Lorsque la pandémie a frappé, Mulherkar a continué à avancer sur le projet, communiquant des samples de batterie et des sons qu’il aimait à Bhatia et Pattishall via des messages vocaux et Zoom. En 2021, Mulherkar a reçu la bourse Bryan Gallace, une autre initiative de Ryder Farm conçue pour soutenir les musiciens de tous les genres, qu’il a utilisée pour son budget “Riley”. La même année, il a fait venir le bassiste Russell Hall et le batteur Kyle Pool pour rejoindre Pattishall au piano et compléter le groupe.

La majeure partie de “Riley” a été enregistrée en 2022, Bhatia et Pattishall utilisant des synthétiseurs logiciels et matériels, des échantillonneurs, des boîtes à rythmes et les performances live du groupe en studio pour sculpter les couches sonores qu’ils ont finalement travaillées en multitrack et overdub.

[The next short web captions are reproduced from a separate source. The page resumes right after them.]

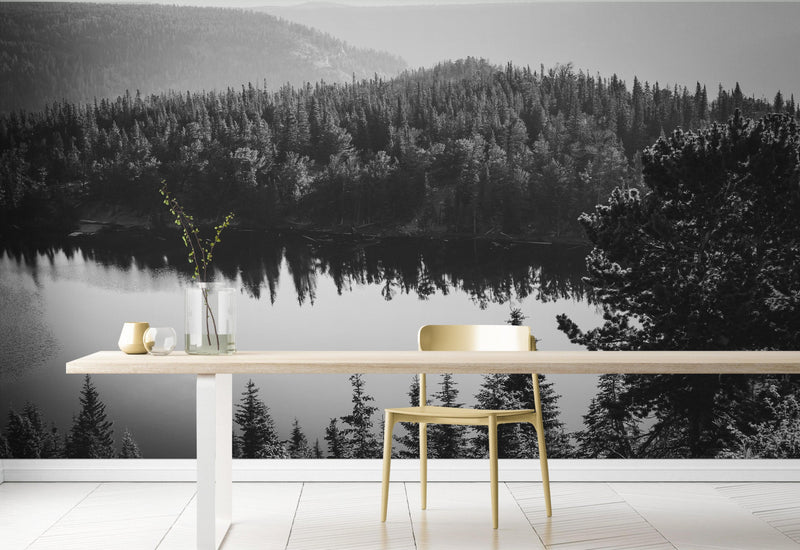 Black and White Mountain Over Looking Lake and Forest Wallpaper.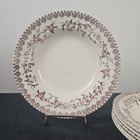 Assiettes Creuses Décor Lyonnais De Choisy Le Roi Terre De Fer Sepia 19ème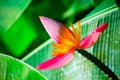 Beautiful close up of blooming Pink banana flower Musa Velutina in a tropical botanical garden.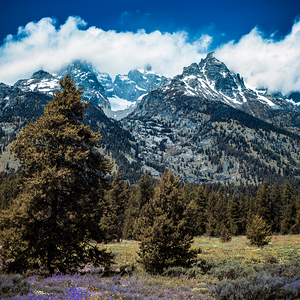 Teton Grandeur   Mountain Cathedra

“Je jouais quelque chose, et puis Chris et Rafiq me renvoyaient le son dans mes écouteurs, et je pouvais essayer de jouer en suivant ce que je venais de jouer, et voir les variations, voir comment ces éléments se reliaient, et voir comment ils se superposaient,” a déclaré Mulherkar. “Il s’agissait pour eux de me pousser à essayer des choses dans ma performance, car ils avaient des idées sur la manière dont ils pourraient manipuler ou tisser les éléments ensemble.”

De même, Pattishall, qui était en représentation à Abu Dhabi, a déclaré à DownBeat dans un e-mail que l’égalisation et la compression étaient utilisées sur “Riley”, mais pas pour obtenir le son “naturel” que visent la plupart des enregistrements jazz. Au lieu de cela, ils ont utilisé ces effets pour renforcer les hautes fréquences ou mettre l’accent sur le souffle de Riley, visant à “hyper-réaliser” les performances et l’intimité, et à ajouter un peu de “douceur pour les oreilles inspirée par l’ASMR”.

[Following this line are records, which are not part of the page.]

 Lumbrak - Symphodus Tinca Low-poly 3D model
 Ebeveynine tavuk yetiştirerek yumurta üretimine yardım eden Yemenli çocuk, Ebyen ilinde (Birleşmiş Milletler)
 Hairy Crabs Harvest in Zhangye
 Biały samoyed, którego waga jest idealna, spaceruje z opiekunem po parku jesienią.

Le résultat trouve un équilibre élusif entre l’honnêteté et le gigantesque, le traditionnel et le contemporain. “Riley” s’inscrit clairement dans l’esthétique du jazz, mais il y a une originalité féroce découlant de l’utilisation de techniques de production et de performance quelque peu non orthodoxes pour le jazz.

“Un des phares qui nous a guidés était Sam Amidon et sa musique,” a déclaré Mulherkar. “Il a un moyen de prendre une vieille chanson folk et de créer des arrangements et d’enregistrer qui ne sont peut-être pas du tout acoustiques… mais l’effet final est celui qui donne peut-être encore plus l’impression d’être acoustique ou réel ou dans le sol de la terre que s’il devait jouer et chanter devant un micro.”

Ce processus collaboratif s’est avéré fructueux, mais long. Néanmoins, le rythme a imprégné “Riley” de patience, de vulnérabilité et d’honnêteté. Cela a également confirmé pour Mulherkar la valeur du “travail lent”.

“Lorsque l’on apprend la musique, on se pose des questions sur l’identité, la tradition et l’influence, et tout cela se déroule à toute vitesse tout le temps,” a déclaré Mulherkar. “Et cet album, je pense qu’il m’a ralenti et m’a forcé à croire que, que ce soit ‘King’ Oliver, Ron Miles ou Wynton, tout ça est en moi. C’est ma lignée, et donc si je m’asseois et essaie de jouer une chanson tout seul, en tapotant du pied, c’est cela va être la meilleure chose, car c’est la chose la plus honnête et la plus vraie.”